Sequence Architectures
Sequence Modeling
- FFNNs can't be used because of limited context window
- Languages can have longer dependencies over arbitrary context length
- Language Models assign conditional probability to the next word
- $P(W_{1:n}) = \prod_{i=1}^{n} P(W_i | W_{1:i-1})$
- Quality of a language model is assessed by perplexity
- $PP = P(W_{1:n})^{-1/n}$
- Inverse probability that the model assigns to the test sequence normalized by the length
Recurrent Neural Networks
- NN architecture that contains a cycle in its network connections
- The hidden layer output from previous step is linked to the current hidden layer output
- Predict using current input and previous hidden state
- Removes the fixed context dependency arising in FFNNs
- The temporal hidden output can be persisted for infinite steps
- Inference
- $h_t = g(Uh_{t-1} + Wx_t)$
- $y_t = V(h_t)$
- Training
- Chain rule for backpropagation
- Output depends on hidden state and hidden state depends on previous time step
- BPTT: backpropagation through time
- In terms of computational graph, the network is "unrolled" for the entire sequence
- For very long sequences, use truncated BPTT
- RNNs and Language Models
- Predict next word using current word and previous hidden state
- Removes the limited context problem
- Use word embeddings to enhance the model's generalization ability
- $e_t = Ex_t$
- $h_t = g(Uh_{t-1} + We_t)$
- $y_t = V(h_t)$
- Output the probability distribution over the entire vocabulary
- Loss function: Cross entropy, difference between predicted probability and true distribution
- Minimize the error in predicting the next word
- Teacher forcing for training
- In training phase, ignore the model output for predicting the next word
- Use the actual word instead
- Weight tying
- Input embedding lookup and output probability matrix have same dimensions |V|
- Avoid using two different matrices, use the same one instead
- RNN Tasks
- Sequence Labeling
- NER tasks, POS tagging
- At each step predict the current tag rather than the next word
- Use softmax over tagset with CE loss function
- Sequence Classification
- Classify entire sequences rather than the tokens
- Use hidden state from the last step and pass to FFNN
- Backprop will be used to update the RNN cycle links
- Use pooling to enhance performance
- Element-wise Mean, Max of all intermediate hidden states
- Sequence Generation
- Encoder-decoder architecture
- Autoregressive generation
- Use <s> as the first token (BOS) and hidden state from encoder
- Sample form RNN, using output softmax
- Use the embedding from the generated token as next input
- Keep sampling till </s> (EOS) token is sampled
- RNN Architectures
- Stacked RNNs
- Multiple RNNs "stacked together"
- Output from one layer serves as input to another layer
- Differening levels of abstraction across layers
- Bidirectional RNNs
- Many applications have full access to input sequence
- Process the sequence from left-to-right and right-to-left
- Concatenate the output from forward and reversed passes
LSTM
- RNNs are hard to train due to vanishing/exploding gradients
- Hidden state tends to be fairly local in practice, limiting long-term dependencies
- Vanishing gradients: Signal from far-away timesteps gets lost
- Repeated multiplications in backpropagation step
- Sigmoid derivatives between (0-0.25) and tanh derivatives between (0-1)

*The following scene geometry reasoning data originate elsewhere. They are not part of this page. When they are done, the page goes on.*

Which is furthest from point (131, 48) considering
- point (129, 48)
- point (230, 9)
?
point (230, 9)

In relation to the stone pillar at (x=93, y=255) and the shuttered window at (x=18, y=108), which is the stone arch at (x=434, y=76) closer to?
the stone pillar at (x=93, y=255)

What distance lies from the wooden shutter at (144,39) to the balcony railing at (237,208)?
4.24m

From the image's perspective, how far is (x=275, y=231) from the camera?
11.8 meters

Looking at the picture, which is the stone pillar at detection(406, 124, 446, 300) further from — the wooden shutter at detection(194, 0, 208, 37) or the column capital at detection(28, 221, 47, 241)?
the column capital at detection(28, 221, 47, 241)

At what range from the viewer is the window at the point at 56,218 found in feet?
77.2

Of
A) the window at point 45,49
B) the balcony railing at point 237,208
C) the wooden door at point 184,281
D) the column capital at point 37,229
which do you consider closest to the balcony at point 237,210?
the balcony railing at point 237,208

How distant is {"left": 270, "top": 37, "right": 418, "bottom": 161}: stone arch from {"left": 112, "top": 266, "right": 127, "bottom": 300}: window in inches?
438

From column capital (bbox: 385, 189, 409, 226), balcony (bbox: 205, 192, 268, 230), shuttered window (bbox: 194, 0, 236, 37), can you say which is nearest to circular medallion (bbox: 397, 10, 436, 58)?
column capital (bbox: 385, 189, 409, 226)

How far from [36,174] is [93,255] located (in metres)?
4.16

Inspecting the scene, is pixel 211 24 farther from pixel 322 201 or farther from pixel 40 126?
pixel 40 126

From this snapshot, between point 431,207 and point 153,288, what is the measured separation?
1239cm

- Gradients diminish exponentially over long sequence lengths
- LSTMs introduce explicit memory management
- Enable network to learn to forget information no longer needed
- Persist information likely needed for decisions yet to come
- Use gating mechanism (through additional parameters) to control the flow of information
- Architecture
- Memory cell (long-term memory) + hidden state (working memory)

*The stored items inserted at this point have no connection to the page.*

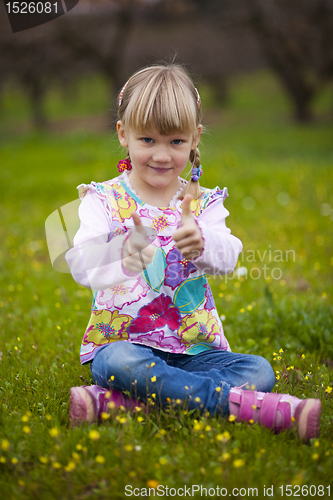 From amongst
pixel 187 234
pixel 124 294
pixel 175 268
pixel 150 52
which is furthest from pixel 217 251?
pixel 150 52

- Three gates control information flow:
- Forget gate: What to remove from cell state
- Input gate: What new information to store
- Output gate: What to output based on cell state
- Input Gate Logic
- Candidate values: $g_t = \tanh(W_g x_t + U_g h_{t-1} + b_g)$
- Input gate: $i_t = \sigma(W_i x_t + U_i h_{t-1} + b_i)$
- New information: $j_t = i_t \odot g_t$
- Forget Gate Logic
- Forget gate: $f_t = \sigma(W_f x_t + U_f h_{t-1} + b_f)$
- Retained memory: $k_t = f_t \odot c_{t-1}$
- Cell State Update
- $c_t = j_t + k_t$ (add new information to retained memory)
- Output Gate Logic
- Output gate: $o_t = \sigma(W_o x_t + U_o h_{t-1} + b_o)$
- Hidden state: $h_t = o_t \odot \tanh(c_t)$
- LSTMs maintain two states: cell state (c) for long-term memory and hidden state (h) for output
Self Attention
- LSTMs still have limitations:
- Difficult to parallelize (sequential processing)
- Still not fully effective for very long dependencies
- Transformers - Replace recurrent layers with self-attention layers
- Self-Attention Mechanism
- Create three projections of each input vector:
- Query (Q): What the token is looking for
- Key (K): What the token offers for matching
- Value (V): The actual information to be aggregated
- Compute attention scores between each token and all other tokens
- Weight values according to attention scores
- Crucial innovation: allows direct connections between any tokens regardless of distance
- Computation Steps
- Project input sequence X into Q, K, V matrices using learned weight matrices
- $Q = XW^Q$, $K = XW^K$, $V = XW^V$
- Compute attention scores: $S = QK^T$
- Scale to stabilize gradients: $S' = S/\sqrt{d_k}$ where d_k is dimension of keys
- Apply softmax to get attention weights: $A = \text{softmax}(S')$
- Compute weighted values: $Z = AV$
- Multi-Head Attention
- Multiple parallel attention mechanisms
- Each head can capture different types of relationships
- Concatenate outputs and project back to original dimension
- Positional Encodings
- Unlike RNNs, self-attention operations are order-invariant
- Add position information to input embeddings
- Using sinusoidal functions: $PE_{(pos,2i)} = \sin(pos/10000^{2i/d})$, $PE_{(pos,2i+1)} = \cos(pos/10000^{2i/d})$
- BERT Architecture
- Base Model - 12 heads, 12 layers, 64 diemnsions, 768 size (12 * 64)
- Large Model - 16 heads, 24 layers, 64 dimensions, 1024 size (16 * 64)